Researchers at UC Riverside and Pacific Northwest National Laboratory have used mathematical and computational modeling, artificial intelligence algorithms and experiments showing that bacteria have failsafe mechanisms preventing them from producing too many metabolic intermediates.

Metabolic intermediates are the chemicals that couple each reaction to one another in metabolism. Key to these control mechanisms are enzymes, which speed up chemical reactions involved in biological functions such as growth and energy production. The insight could lead to organisms that are more efficient at converting plants into biofuels. The open-access study appears in the Journal of the Royal Society Interface.

Cellular metabolism consists of a bunch of enzymes. When the cell encounters food, an enzyme breaks it down into a molecule that can be used by the next enzyme and the next, ultimately generating energy.

— William Cannon, co-author, UCR adjunct math professor and PNNL computational scientist

The enzymes cannot produce an excessive amount of metabolic intermediates. They produce an amount that is controlled by how much of that product is already present in the cell.

This way the metabolite concentrations don’t get so high that the liquid inside the cell becomes thick and gooey like molasses, which could cause cell death.

—William Cannon

One of the barriers to creating biofuels that are cost-competitive with petroleum is the inefficiency of converting plant material. Typically, E. coli bacteria are engineered to break down lignin, the tough part of plant cell walls, so it can be fermented into fuel.

One of the problems with engineering bacteria for biofuels is that most of the time the process just makes the bacteria sick. We push them to overproduce proteins, and it becomes uncomfortable—they could die. What we learned in this research could help us engineer them more intelligently.

—William Cannon

Knowing which enzymes need to be prevented from overproducing can help scientists design cells that produce more of what they want and less of what they don’t.

Mark Alber, study co-author and UCR distinguished math professor, said that the study is part of a project to understand the ways bacteria and fungi work together to affect the roots of plants grown for biofuels.

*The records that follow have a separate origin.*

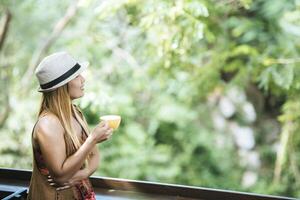 Happy young woman with latte coffee in morning photo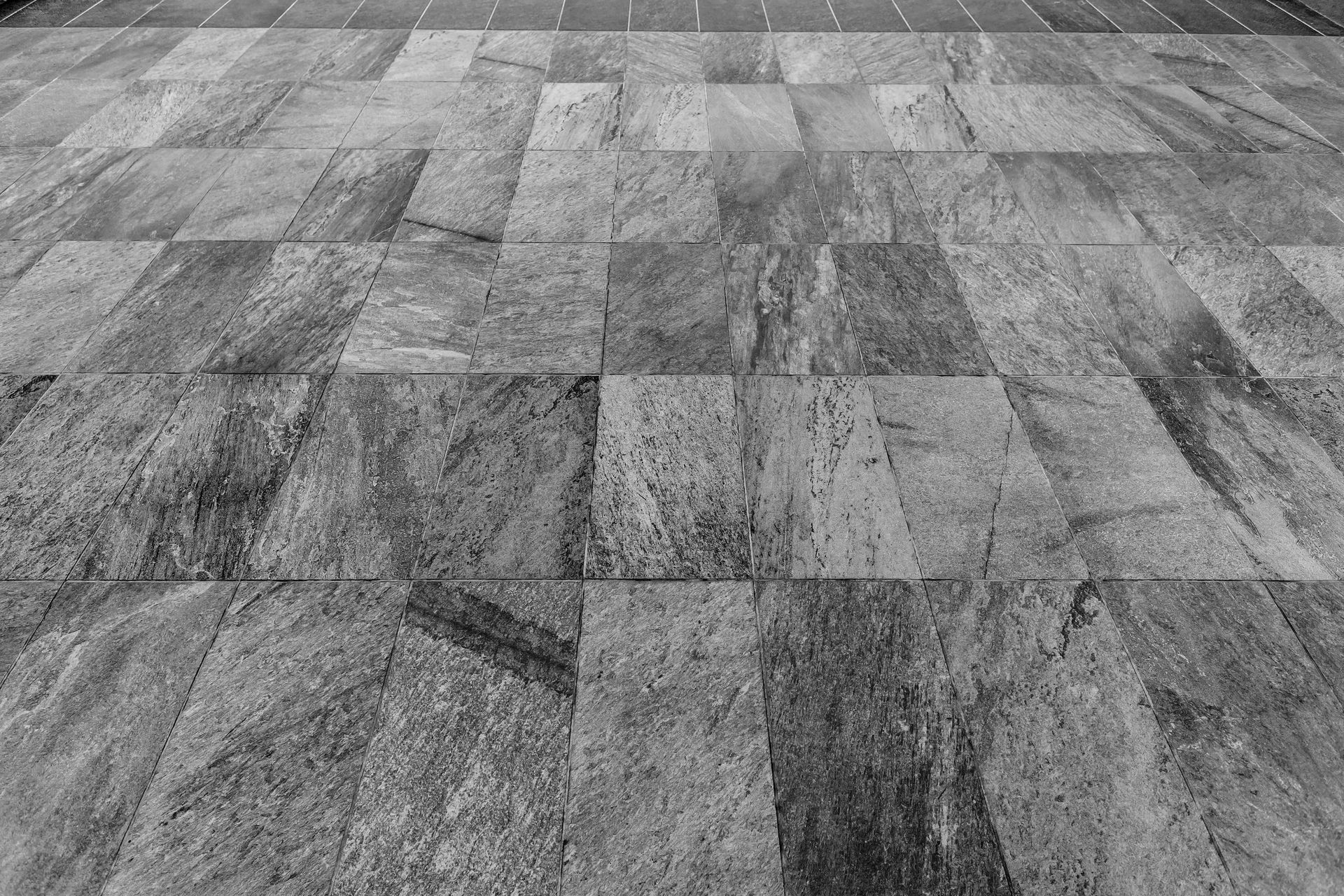 Sol carrelé gris ou pavé à motif de pierre texturée.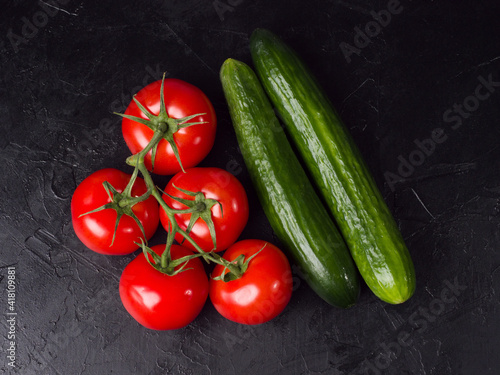Red tomatoes and cucumber on a black background. Studio photo
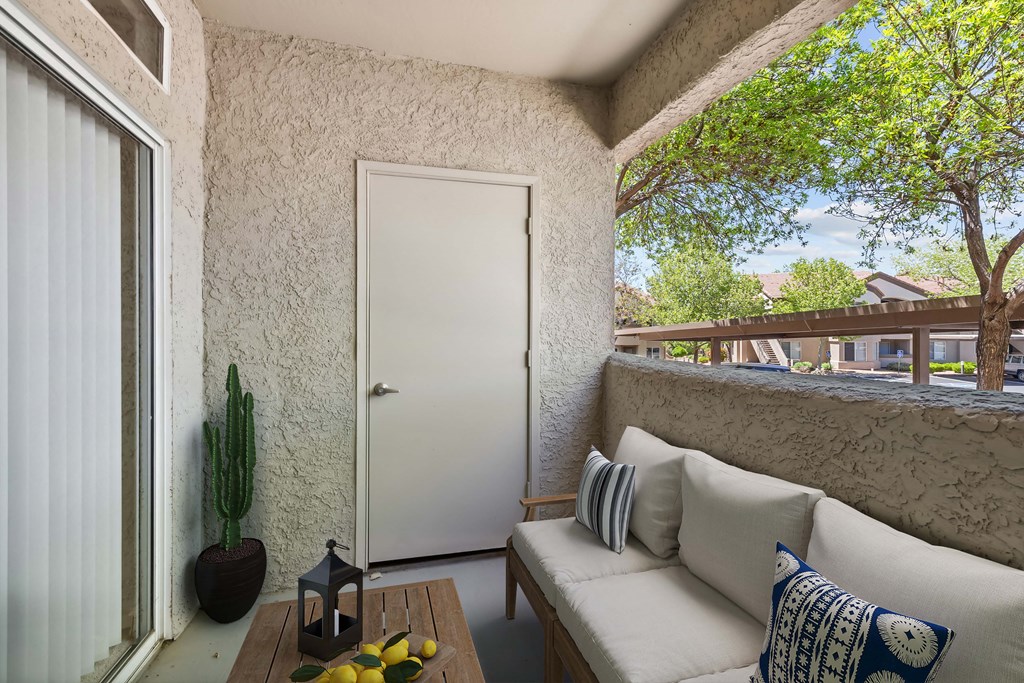 a small porch with a couch and a table at Altezza High Desert, Albuquerque, 87111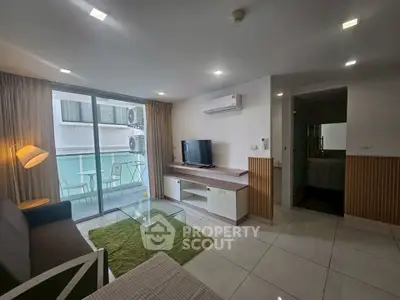 Modern living room with balcony, featuring sleek furniture and ample natural light.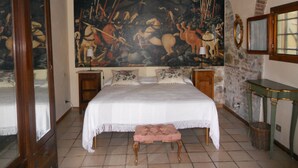 A bedroom with a large tapestry, a bed with a white bedspread, a wooden bench, and a stone wall.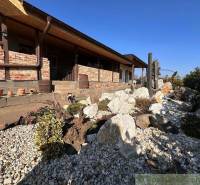 A family house with a stone garden, decorative pots, and traditional architectural elements.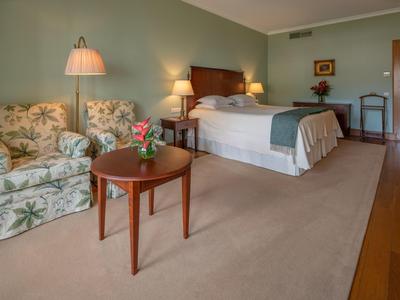 Camera d'hotel accogliente con letto matrimoniale, poltrona, tavolo e illuminazione soffusa.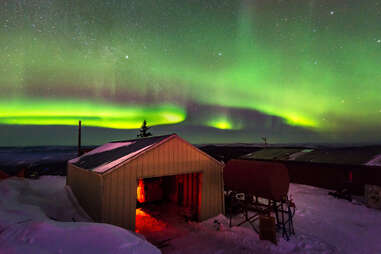 a small cabin beneath the northern lights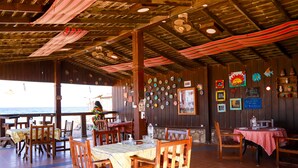 Un restaurante con mesas y sillas de madera, vista al océano y varios platos decorativos en las paredes.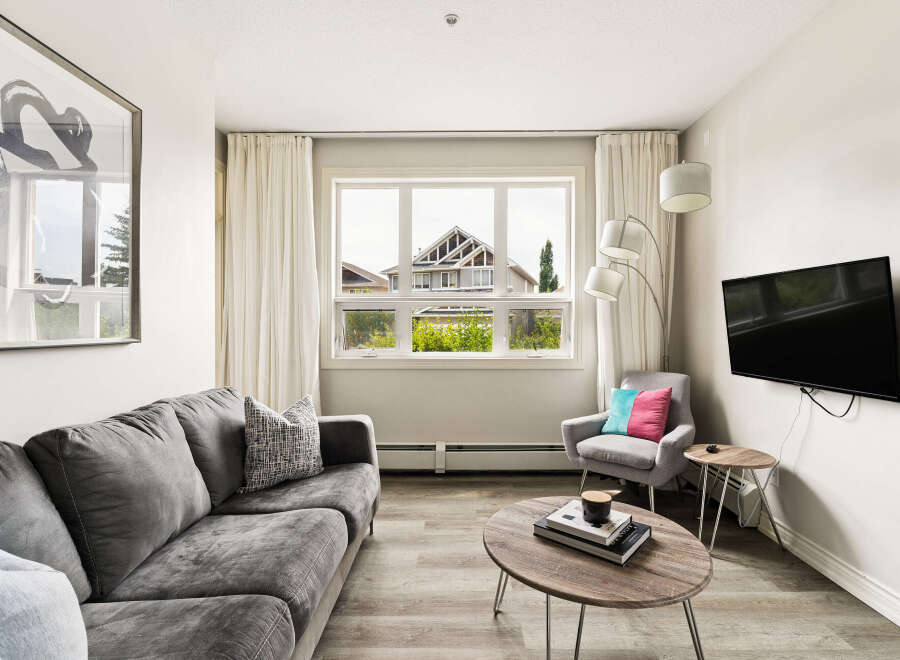 Experience modern living in this stylish apartment, featuring a comfortable grey sofa and a chic accent chair adorned with vibrant pillows.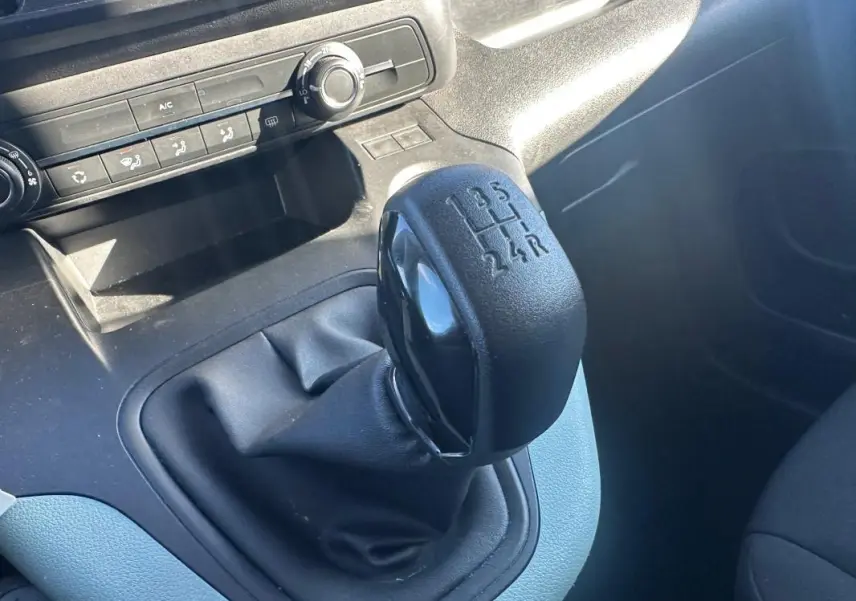 Gros plan sur le levier de vitesses manuel noir du Citroën Berlingo gris clair, avec commandes de climatisation en arrière-plan.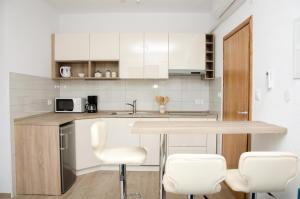 塞尼Guesthouse Ruža的厨房配有白色橱柜和桌椅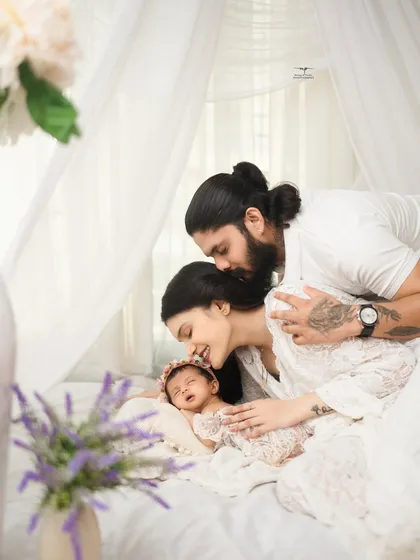A serene and intimate portrait of new parents embracing their sleeping newborn. This light and airy style, set against a clean white backdrop, highlights the pure, peaceful connection of a new family.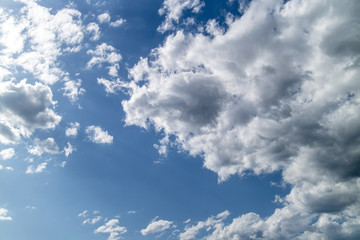 A bright blue background of sky and clouds 2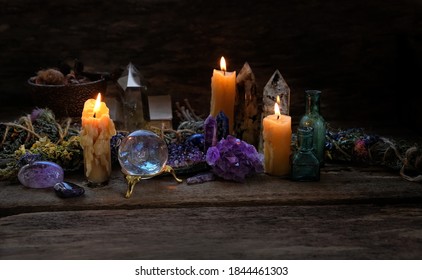 Candles, magic things and gemstones minerals on dark background. Healing stones for Crystal Ritual, wiccan Witchcraft. spiritual esoteric practice. life balance concept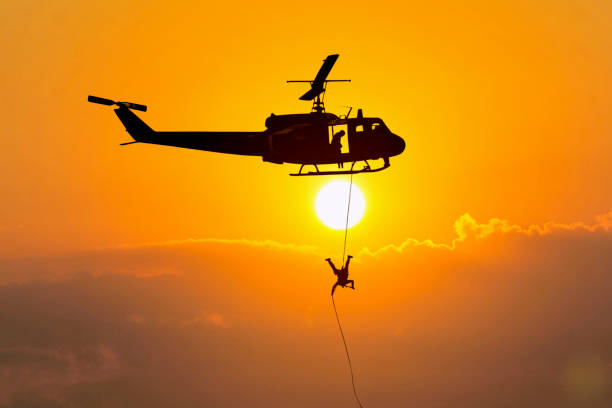 istock Soldiers rescue helicopter operations on sunset sky background 909855492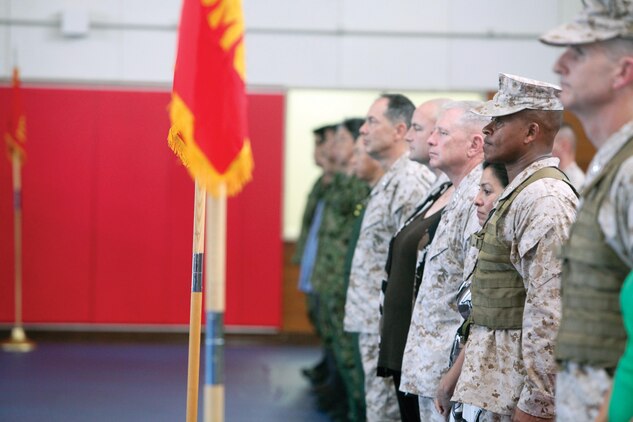Senior leaders of III Marine Expeditionary Force and Marine Corps Installations Pacific stand at attention during the conclusion of a change of command ceremony June 12 at Camp Courtney. Brig. Gen. Craig Q. Timberlake (2nd from the right), relinquished command to Col. John A. Ostrowski. Brig. Gen. Paul J. Kennedy will assume command later this summer. Timberlake will be the deputy commanding general, Regional Command North, International Security Assisstance Force, Afghanistan. 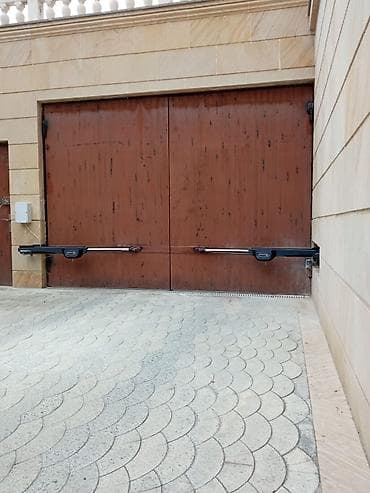 Qapı ustası xidmətləri: Doqqaz Avtomatik qapi qollari Azerbaycandaki her cure agir darvazalara — 4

In this study, we use two approaches to predict enzyme regulation policies and investigate the hypothesis that regulation is driven by the need to maintain the solvent capacity in the cell. The first predictive method uses a statistical thermodynamics and metabolic control theory framework while the second method is performed using a hybrid optimization–reinforcement learning approach. Efficient regulation schemes were learned from experimental data that either agree with theoretical calculations or result in a higher cell fitness using maximum useful work as a metric.

As previously hypothesized, regulation is herein shown to control the concentrations of both immediate and downstream product concentrations at physiological levels. Model predictions provide the following two novel general principles: (1) the regulation itself causes the reactions to be much further from equilibrium instead of the common assumption that highly non-equilibrium reactions are the targets for regulation; and (2) the minimal regulation needed to maintain metabolite levels at physiological concentrations maximizes the free energy dissipation rate instead of preserving a specific energy charge.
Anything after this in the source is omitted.